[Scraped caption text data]
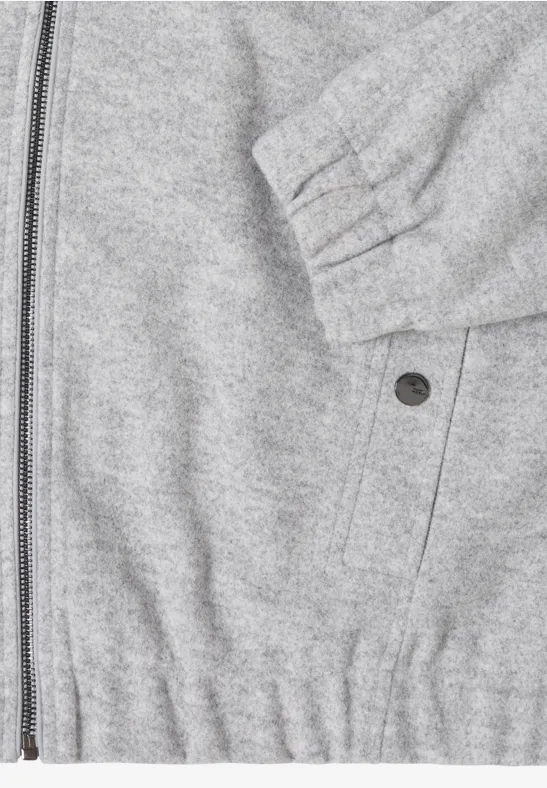 Hoodie Blouson in Wolloptik luna grey melange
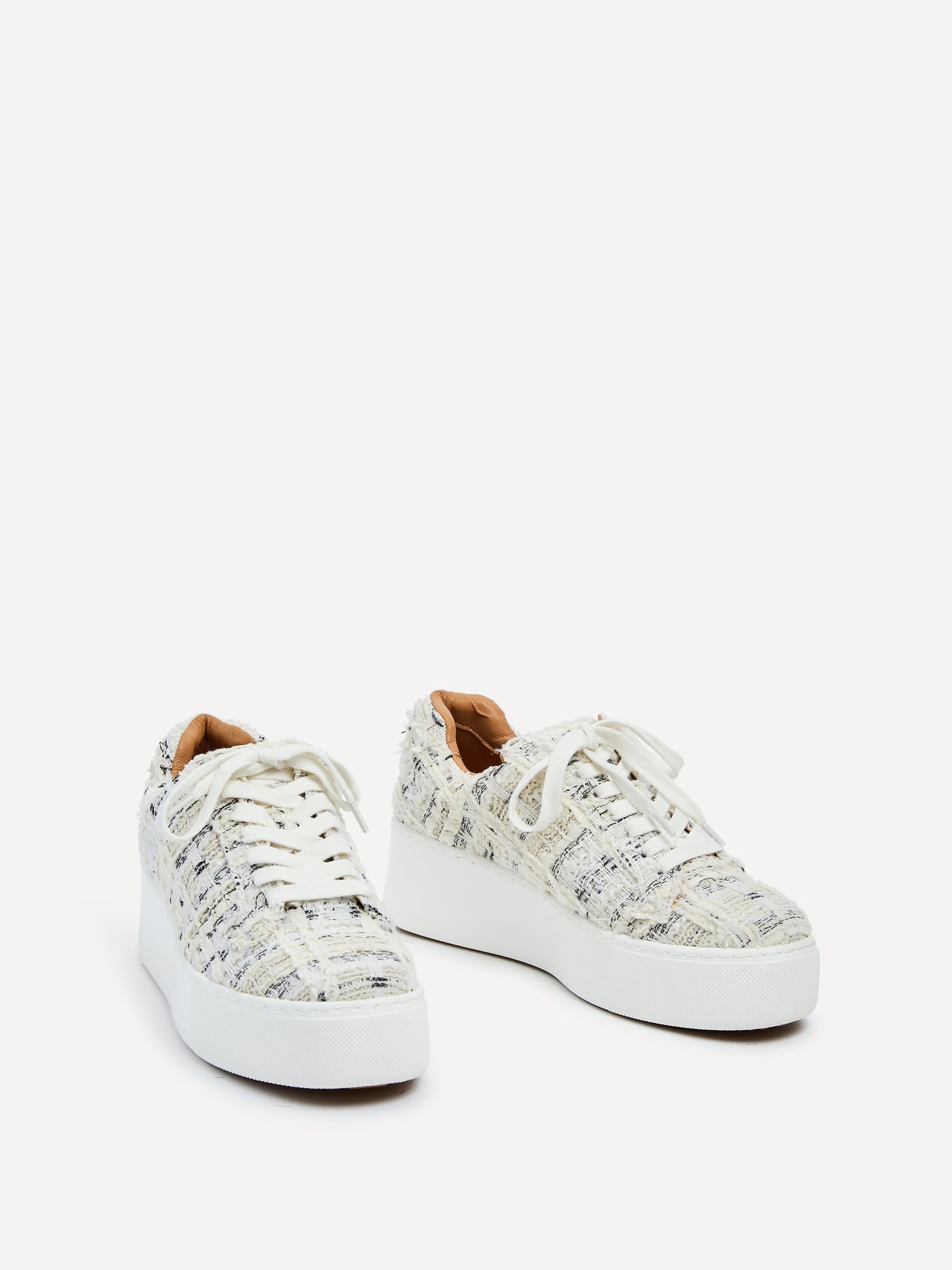 Quest White Tweed Trainers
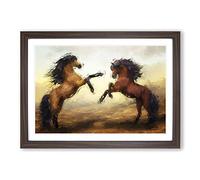 Big Box Art Two Wild Stallion Horses in Abstract Framed Wall Art Picture Print Ready to Hang, Walnut A2 (62 x 45 cm)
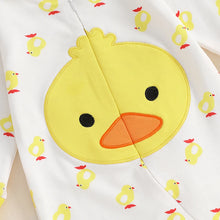 Load image into Gallery viewer, Baby Boys Girls 2Pcs Duck Outfit Long Sleeve Full Length Footed Jumpsuit Romper Duck Hat Set
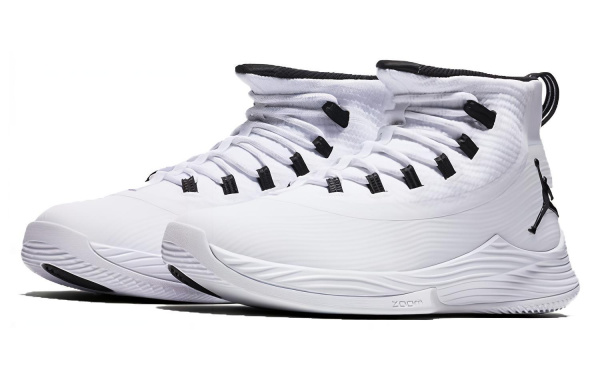 Джордан Ultra Fly 2 Non Slip Легкий Высокий Топ Винтажные Баскетбольные Кроссовки Мужские Белый Черный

● About this exercise
Restate word for word the lines starting at the one that contains "Big Box Art" and ending at the last line of the data. Skip every picture.

● Task answer
 Big Box Art Two Wild Stallion Horses in Abstract Framed Wall Art Picture Print Ready to Hang, Walnut A2 (62 x 45 cm)
 Load image into Gallery viewer, Baby Boys Girls 2Pcs Duck Outfit Long Sleeve Full Length Footed Jumpsuit Romper Duck Hat Set
 Джордан Ultra Fly 2 Non Slip Легкий Высокий Топ Винтажные Баскетбольные Кроссовки Мужские Белый Черный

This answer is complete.